In the presence of thrombotic thrombocytopenic purpura, blood tests show the following alterations:

  • Platelet count: it is marked (platelet count <50, 000 units per µl) and, at the bone marrow level, an increase in the number of megakaryocytes is observed;
  • Hemolytic anemia : always present, in many cases it is severe (hematocrit <20%; hemoglobin <10 g / dl). Anemia involves the detection of schistocytes at the peripheral blood smear: these cells are formed by the turbulent flow in the partially occluded areas of the microcirculation, by platelet aggregation mainly by ischemic or necrotic tissue, rather than by cell lysis. Hemolytic anemia is also associated with the presence of reticulocytosis and nucleated erythrocytes;
  • Increase of LDH and indirect bilirubinemia ;
  • Negative Coombs test (both direct and indirect).

Also, may be present:

  • Leukocytosis with immature forms;
  • High levels of blood urea nitrogen and serum creatinine;
  • Reduced or indoubtable levels of haptoglobin.

Therapy

Thrombotic thrombocytopenic purpura: what are the chances of intervention?
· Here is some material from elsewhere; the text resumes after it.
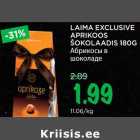 LAIMA EXCLUSIVE
APRIKOOS
ŠOKOLAADIS 180G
Currently, the treatments currently available for the management of the acute episode of thrombotic thrombocytopenic purpura are:

  • Plasma exchange (PEX) : transfusion procedure which consists in replacing the patient's plasma with donor plasma, in order to obtain the removal of anti-ADAMTS antibodies 13. The plasma exchange is repeated daily until the framework is normalized. Plasma exchange therapy reduces the mortality rate of TTP to 20%.
  • Direct infusion of frozen plasma, always derived from donors.

These procedures may be associated with treatments with corticosteroids or immuno-suppressing drugs .

In some cases, it is necessary to intervene with the removal of the spleen ( splenectomy ) to interfere with the production of anti-ADAMTS auto-antibodies 13.

Timely and effective treatments can significantly reduce mortality. Daily transfusion therapy and drug immunosuppression induce remission of thrombotic thrombocytopenic purpura, but the possible complications related to microthrombosis remain high.